How do the two new genome sequences allow a better understanding of human genetics? Both studies4,5 confirm that it is possible to routinely sequence the genome of an individual to discover the wide spectrum of DNA variations that it harbours. Of course, this process is greatly facilitated by having a reference human genome against which to compare sequence data from the two individuals. This allows the identification of SNPs, as well as insertion/deletion polymorphisms and structural variations (Fig. 1, overleaf). Extensive validation of the SNPs detected shows that sequencing accuracy is high. A strength of this latest approach is the extent of deep sequencing achieved, which aids SNP identification.

Figure 1: Genomic variations.
figure 1

The latest whole-genome sequences of two humans confirm4,5 that individual genomes vary in several respects. The types of variability in inheritance include: variations in single nucleotides (SNPs); insertion or deletion of several nucleotides; insertion or deletion of thousands of nucleotides (structural variation); and duplication or multiplication of DNA segments more than 1,000 nucleotides long (copy-number variation).

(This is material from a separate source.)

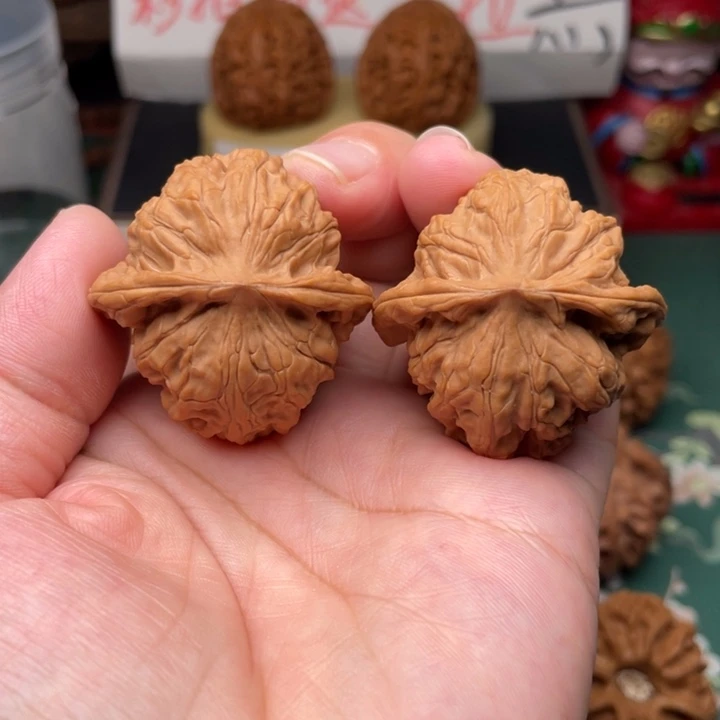 【闪购商品】把件文玩核桃38全品野狼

The advantages of obtaining these two genomes, such as the identification of DNA variations, indicate that their usefulness will ultimately be much broader than simply demonstrating the technological milestone of relatively low-cost sequencing. But some goals remain. As the genomes were reconstituted on the basis of alignments with existing reference genomes, the set of non-SNP variants that are absent in the reference genome will be incomplete. For example, in these studies, the detection of structural variants — insertions or deletions of thousands of nucleotides at any one position on a chromosome — is preferential for deletions. This is because such insertions come from sequenced reads that will not overlap with the existing reference genome. There are two possible solutions to this detection bias. One would be to sequence larger DNA fragments whose ends overlap with sequences on the reference genome8. Alternatively, all sequenced reads could be assembled independently, before mapping them to a reference human genome6.

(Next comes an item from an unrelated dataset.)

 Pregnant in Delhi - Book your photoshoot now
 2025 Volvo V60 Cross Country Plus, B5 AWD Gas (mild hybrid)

Another deficiency of the four genomes4,5,6,7 is that they do not accurately define copy-number variants at the nucleotide level. These forms of genetic variation arise from the insertion of multiple copies of DNA segments that may include whole genes and that have been increasingly implicated in, among other disease phenotypes, neurological disorders9,10.

Our genomes are not just collections of DNA variation: parental inheritance also dictates specific associations between neighbouring variations. Knowledge of these associations will ultimately help us discover whether and how much of an aberrant protein is produced by each of our cells and how these events contribute to observed phenotypes. The association between neighbouring variations across all 23 pairs of human chromosomes is referred to as haplotype assembly, and has not yet been completely achieved in any of the individual genomes sequenced.

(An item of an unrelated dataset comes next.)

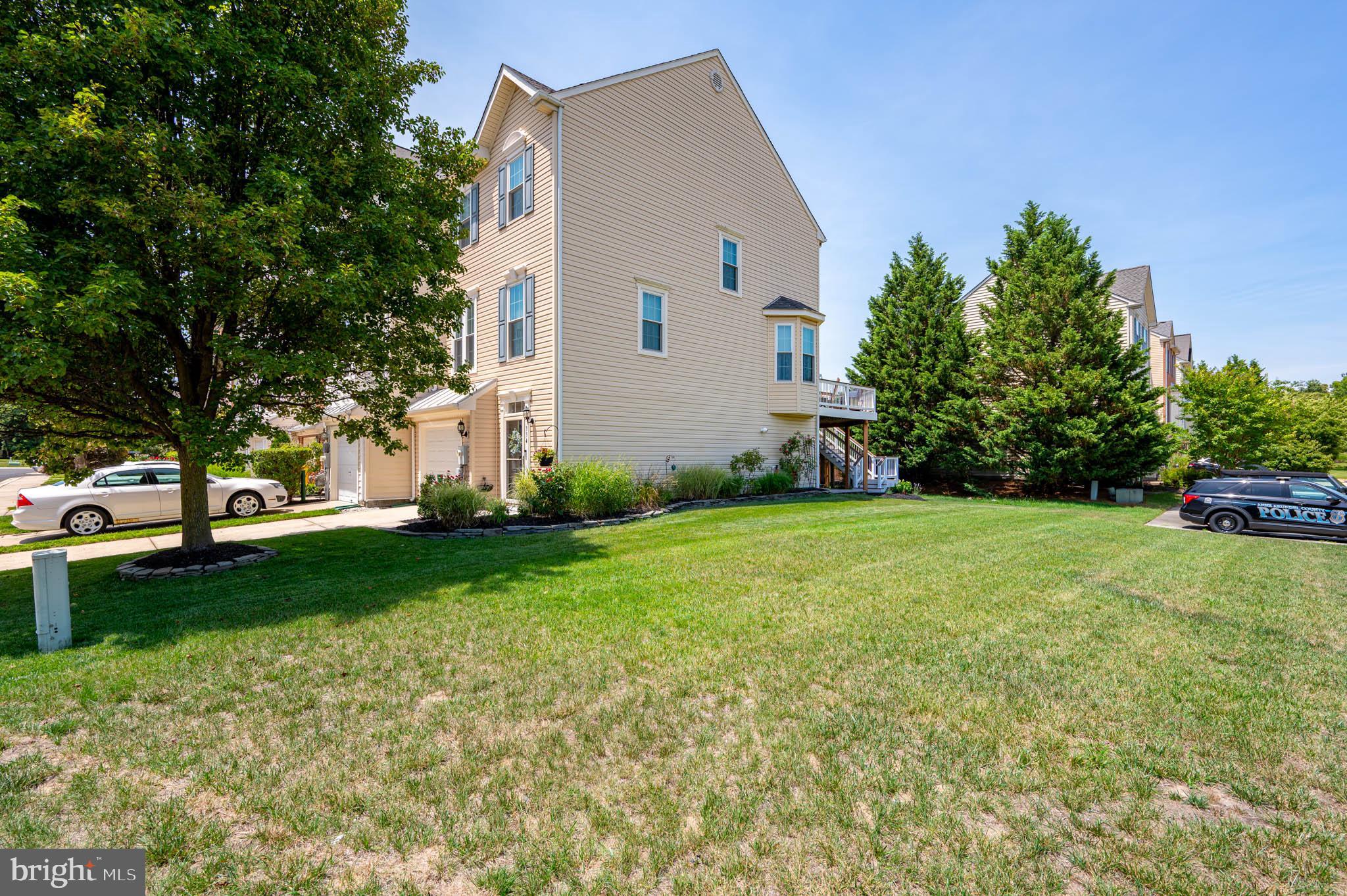FARMINGTON VILLAGE - Residential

These limitations notwithstanding, the approach of Bentley4, Wang5 and their colleagues represents a substantial advance in the sequencing of individual human genomes. Together with the other two genomes sequenced6,7, they reinforce the catalogue of variants that exist in human genomes — SNPs in the millions, insertion/deletion polymorphisms in the hundreds of thousands and structural variants in the thousands. The numbers of these variants do not directly tell us how such polymorphisms contribute to the wide spectrum of human traits. But they do provide a necessary step towards accurately defining genomic loci that are likely to be implicated in those traits.

With such rapid advances in next-generation technologies, and with 'third generation' technologies emerging, this is just the beginning of the era of the individual genome. Soon, association studies using complete individual genomes will become the approach of choice for understanding the complexity of human biology and disease. The latest advances have broad implications for expediting that goal.